Olympic Person of the Month June 2022
The story of the “Flying Housewife” refers to the amazing achievements by Francina “Fanny” Elsje Blankers-Koen, a Dutch track and field athlete who broke barriers and the stigma that age and motherhood were factors that caused limitation to being successful in women’s sport. In 1948, the 30-year-old mother of two children won four gold medals at the Summer Olympics in London, while also pregnant with her third child. Her grand performance at these Games earned her a national hero title, and a legacy that would forever be remembered in the world.
Born in 1918, sport was inevitable for Blankers-Koen due to her father’s involvement in athletics. Her debut appearance in the sport was in 1935, aged just at 17 years-old, where she won a Dutch national championship in the 800-meter race. She took place in the 1936 Summer Olympics in Berlin a year later without any medal record.

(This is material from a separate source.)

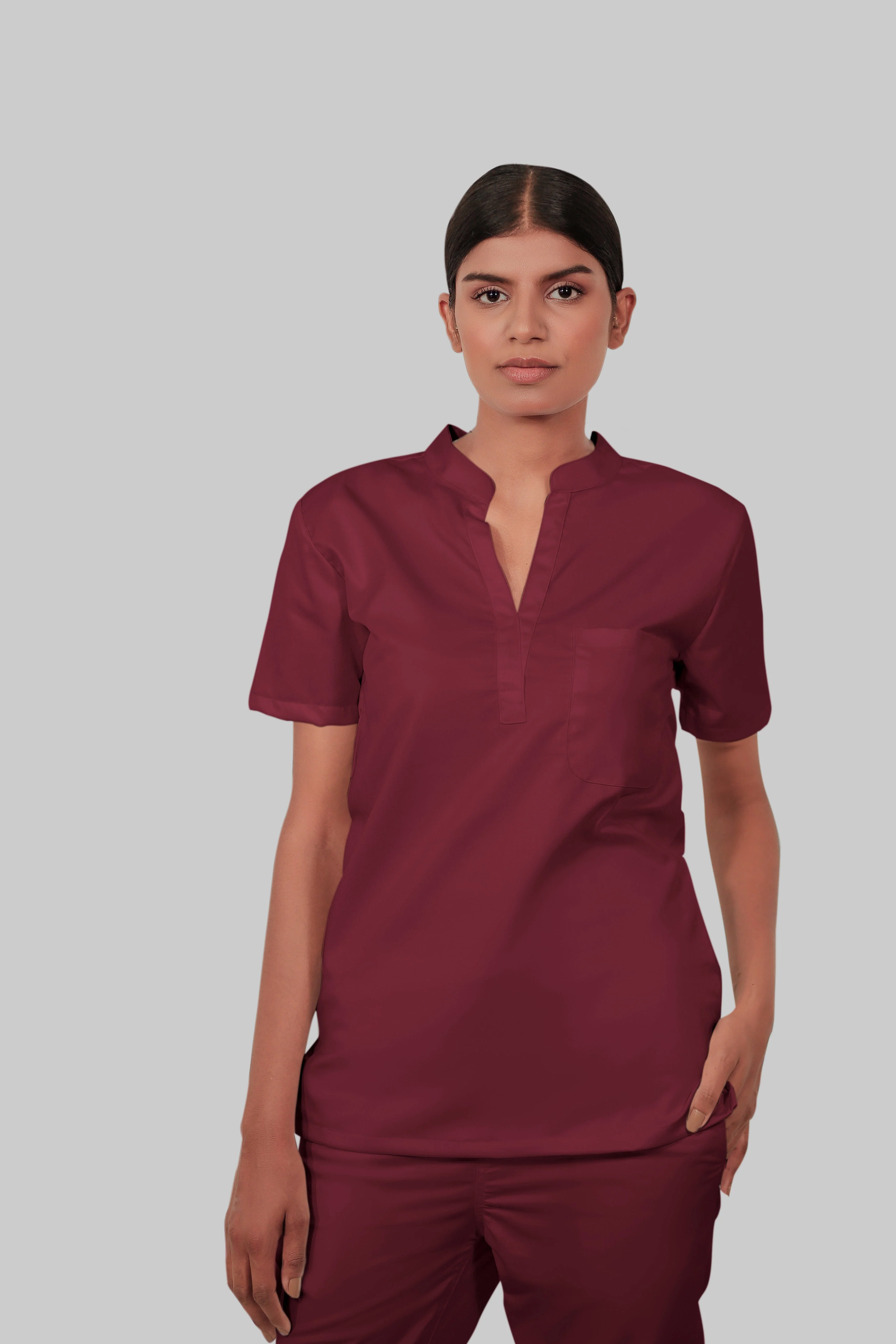 Stretchable (2Way) Women Maroon Mandarin Neck With Jogger Scrub Set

Aside from her sporting career, she married her coach in 1940. During this time, life for Blankers-Koen shifted gears, as international competitions were put on hold due to World War II and in 1941, she gave birth to her first child. Speculations were that her sporting career was over. In 1946, the war had ended, and Blankers-Koen had given birth to her second child. It was assumed that she would not participate in the 1948 Summer Olympics, but she was prepared to break all odds. Despite the critics of media and event her coach that she was “too old to make the grade”, she began her ground-breaking Gold medal performance at the 100m race in 11.9 seconds. She continued her winning streak with the 80-meter hurdles and the 200-meters race, but almost missed her final race, the 4×100 meter relay after leaving to shop for a raincoat. Arriving just in time, Blankers-Koen took 4th place along with her previous three gold medals.
Apart from Olympics, Blankers-Koen has also won five European titles and fifty-eight Dutch championships and set or tied twelve world records. In 1955, she would finish her career in athletics after winning the national title in shot put which would be her 58th Dutch title at the age of 37.
After retiring, Blankers-Koen’s involvement in sport would continue by serving as the head coach of the Dutch athletics team. Her achievements and persistency were glorified after being declared the “Female Athlete of the Century” by the IAAF.
The EOA is inspired by Fanny Blankers-Koen, for not only being an exceptional Olympic athlete, but for also single handily removing the belief that age and motherhood are barriers to being a successful athlete. We honour her as the Olympic Person of the Month in June for her mark on women’s sport and the Olympic community as a whole!